Solved – How many rolls to have a 90% chance of reaching average

probability

I'm not a statistician, so not sure if I am wording this correctly, please bear with me.

Given an event, I expect success $X$ times out of $Y$, say $10$ out of a $100$. However, how do I calculate how many observations I need to make to reach the expected chance, say, $95\%$ of the time.

For example, I have a $10$-sided die, and am trying to roll a $1$. $1$ in $10$ times I expect to get $1$, but I won't necessarily get it exactly once in my first $10$ rolls. Or exactly twice in $20$ rolls. How do I calculate how many rolls it takes to reach the expected $10\%$, $95\%$ of the time? $99\%$ of the time?

Best Answer

You're looking for the binomial distribution, which has two parameters: n and p. The first is the number of rolls, the second is the probability that the desired event happens. So we have p locked to 0.1 (10%) and we can vary n.

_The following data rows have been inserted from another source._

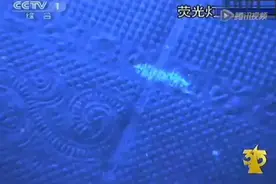 央视曝光！这种卫生纸千万不要用，严重会导致癌症！图片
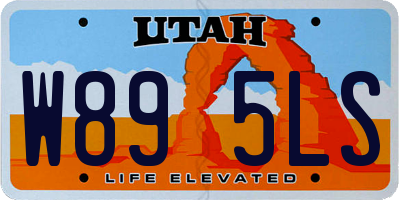 UT license plate W895LS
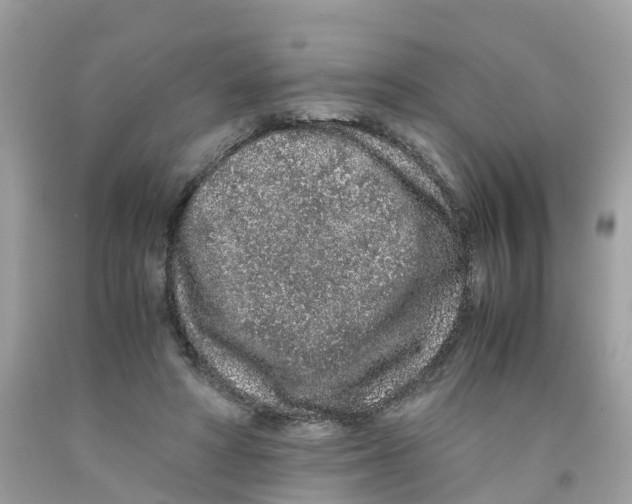 X0000091100402200709041328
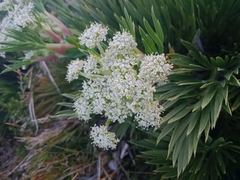 Aciphylla glacialis
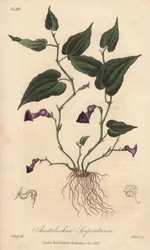 Aristoloche (Aristolochia serpentaria) - Illustration de “Botanique médicale, description des plantes médicinales de Londres, Édimbourg et Dublin” par John Stephenson et James Morss Churchill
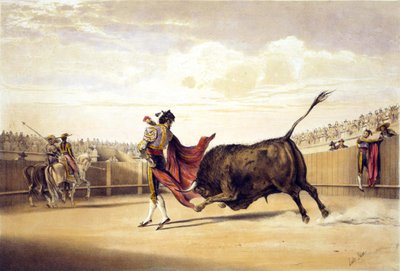 Stier die aanvalt terwijl matador met de cape speelt door lake Price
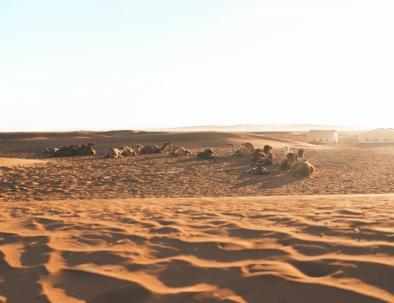 El Sahara del Marocco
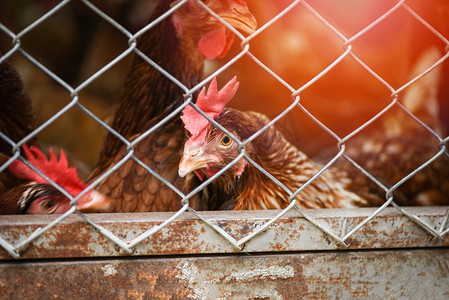 室内养鸡产品在笼养养殖中的饲养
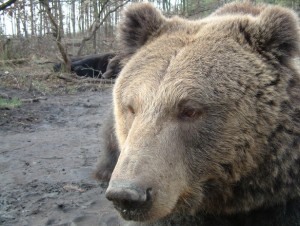 un-barbat-din-bacau-a-fost-atacat-de-urs-ce-a-facut-fiul-lui-este-incredibil-356753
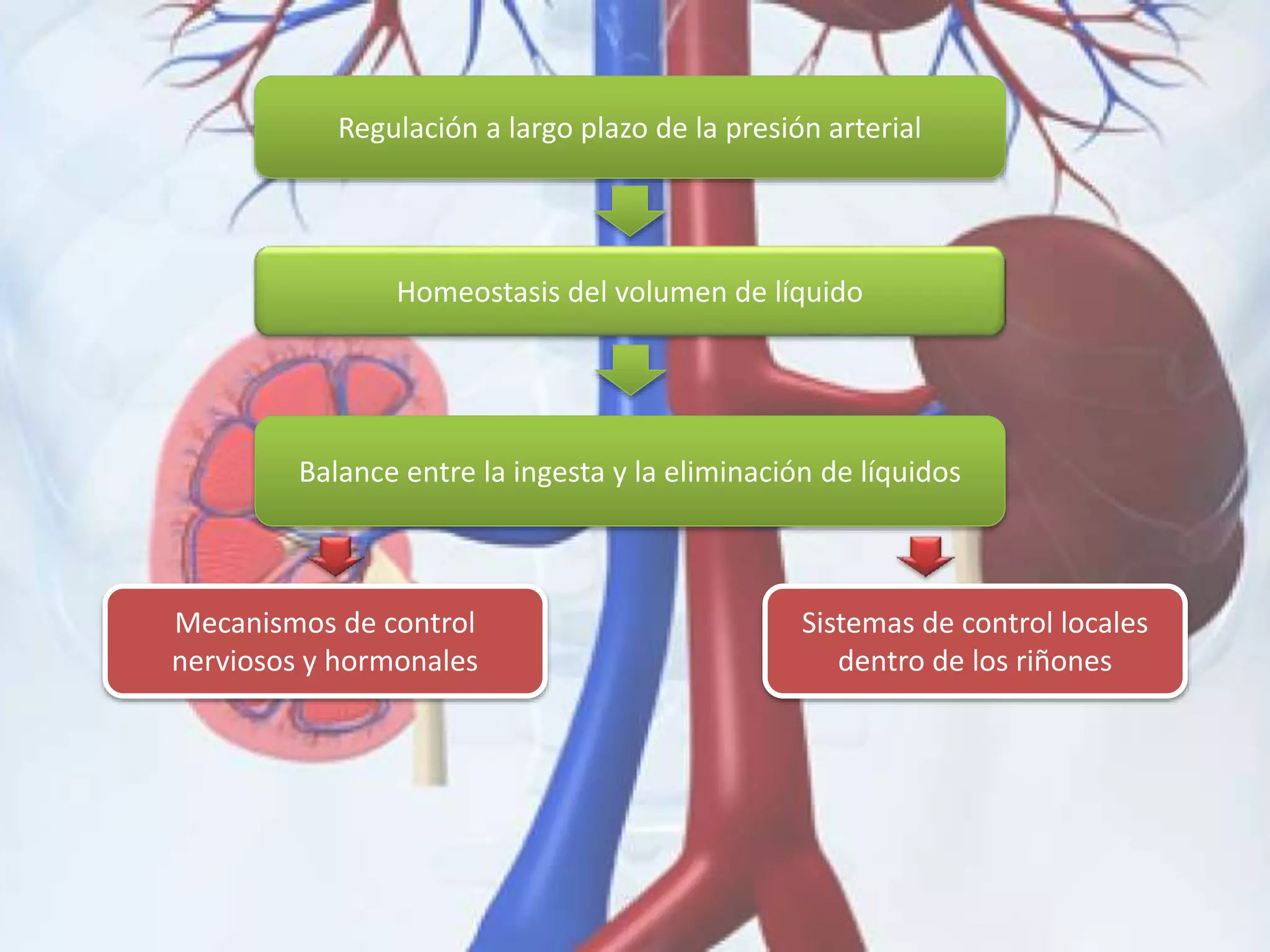 Función dominante de los riñones | PPTX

The mean is np and the variance is np(1-p), and the standard deviation is the square root of the variance.

So there are two conflicting influences: as we increase the number of rolls, it becomes less and less likely that we'll get 10% exactly, because there are more and more possibilities. 1 out of 10 (39%) is more likely than 2 out of 20 (29%), which is likelier than 10 out of 100 (13%).

But as we increase the number of rolls, the square root (as a fraction of the mean) gets lower, so percentage of successes gets closer and closer to 95%; that is, if you build an interval around the mean that 95% of sample means will fall into, the lower and upper bound of that interval get closer and closer to 10%.

So get it exactly, the best shot you have is rolling 10 dice, and you're capped at 39%; if you want to get close, the more dice you roll the closer you'll get. (If you want to get at most a particular distance from the proportion with some probability, you can calculate how many dice you need to roll using the cumulative distribution function.)